--- EXERCISE DIRECTIONS ---
What is needed is an exact copy of the whole listing below, with no pictures.

--- PROVIDED MATERIAL ---
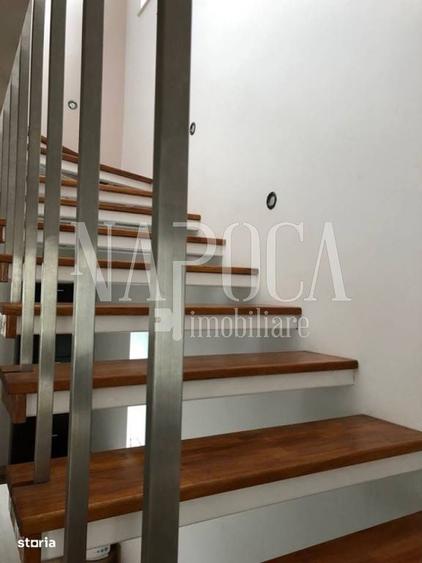 Casă cu 4 camere în Mănăștur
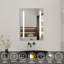 Buckhalter Rectangle Mirror-753631380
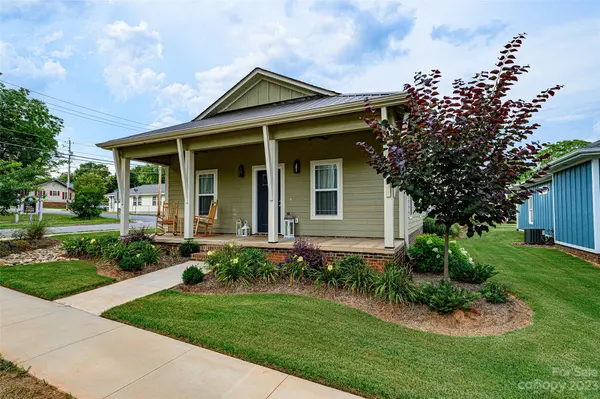 167 Twelve Oaks DR, Forest City, NC 28043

--- EXPECTED ANSWER ---
 Casă cu 4 camere în Mănăștur
 Buckhalter Rectangle Mirror-753631380
 167 Twelve Oaks DR, Forest City, NC 28043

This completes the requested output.